The classification scheme used to arrange the American Antiquarian Society's holdings is unique to this library, and reflects both the growth of the collections and the evolution of techniques in providing access to materials. In cataloging and shelving its holdings, the Society distinguishes between its early American imprints and other materials. That distinction is reflected in the existence of two alphabetized card catalogs at AAS, the Imprints Catalog and the General Catalog. In the online catalog, this distinction is not explicit, but users may limit searches by date and place of publication.
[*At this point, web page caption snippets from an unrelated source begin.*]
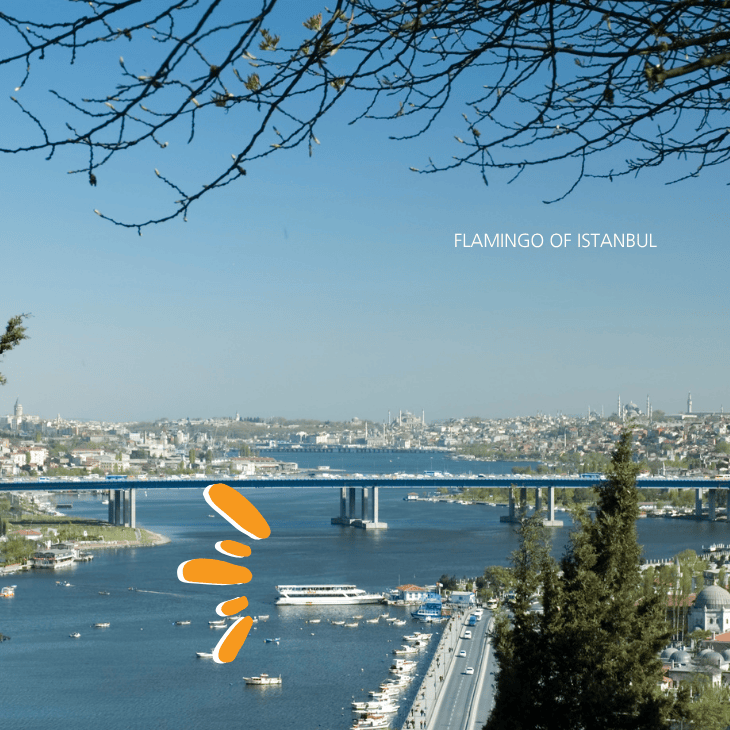 Half Day Golden Horn Tour first image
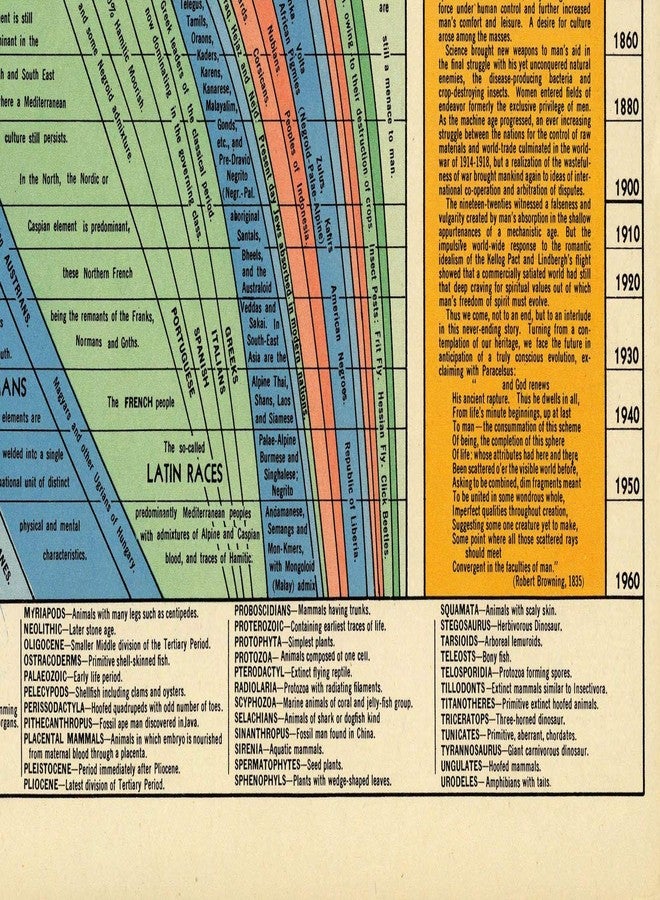 ArtCantHurtU HISTOMAP OF EVOLUTION- which talks about human evolution from a cell to apes to humans (era of evolution. paleontology) (23"x62") - Image 5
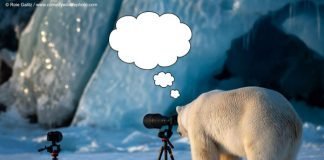 Caption This: What’s this Polar Bear Thinking?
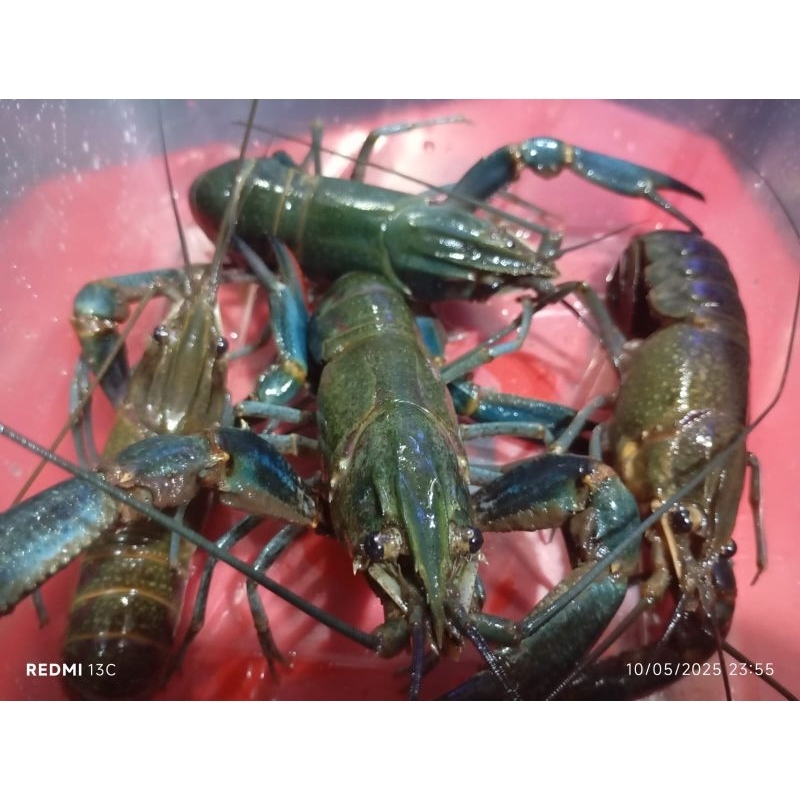 

Lobster Tawar Hidup Konsumsi 5inch Fresh Untuk Resto/Catering/Konsumsi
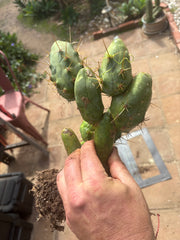 👑🌶️🌶️  TBM  Clone B — XL Rooted Cluster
Most American materials through 1820 are fully cataloged, although a substantial number of federal and state documents from the first two decades of the nineteenth century remain uncataloged. The greatest portion of AAS holdings before 1821 may be found in the Dated Books, Dated Pamphlets, Almanacs, and Broadsides collections; additional materials are located in the Reserve, First Editions, and Bindings collections, as appropriate. These are not classified collections; that is to say, their arrangement on the shelves is not according to a system based on analysis of the content of the work. The Dated Books, Dated Pamphlets, Bindings, and First Editions collections are arranged by author; the Reserve and Broadsides collections are arranged by date of publication; and Almanacs are shelved according to place of publication.

Most of the Society's holdings for the years 1821-1840 are fully cataloged. Consult the page "collection access" for fuller information on particular collections.

For materials printed after 1840, or printed outside the United States, the picture is more complicated still. There exist at the Society many discrete uncataloged collections, each separately shelved and identified by collection name. Such collections tend to be defined either by the physical format (e.g., broadsides, pamphlets) or by the genre of the material (e.g., canal and railroad reports or trade catalogs). In some cases, checklists serve as finding aids.

For cataloged materials, a classification system, unique to the American Antiquarian Society, was devised by Clifford K. Shipton, then our librarian. Shipton created a number of classes (e.g., Genealogy, Local History, Biography, Printing History) tailored to the Society's holdings and collecting interests. The initial letters assigned to these classes are often derived from the Library of Congress classification system; the resemblance to the LC scheme ends there. The arrangement of materials within each class is dictated by the materials classed there. Biographies, for example, are shelved by the subject of the work, then by author; local histories by state, then by county, city, or town; and the classification for works on religion is divided into sections representing the various denominations reflected in the Society's holdings.

The Society's General Catalog provides access to cataloged materials printed after 1820. (The user of the catalogs must bear in mind, however, that some materials from the 1820s are recorded in the Imprints Catalog, that access to the First Editions collection is provided in the Imprints catalog, and that the Genealogy collection has a catalog unto itself.) It has been observed that a history of cataloging might be written from the cards found in the General Catalog, where handwritten half-cards stand next to (and must be interfiled with) computer-generated cards. Cataloging rules have changed drastically over the years. At AAS, this means that the access provided by the catalog is inconsistent; for some works full access by author, title, series, and subject is available, while for others no more than a single, brief, handwritten entry will be found. At the Antiquarian Society, more than at most libraries, then, the assistance of the readers' services staff in interpreting the catalog is of critical importance to the reader.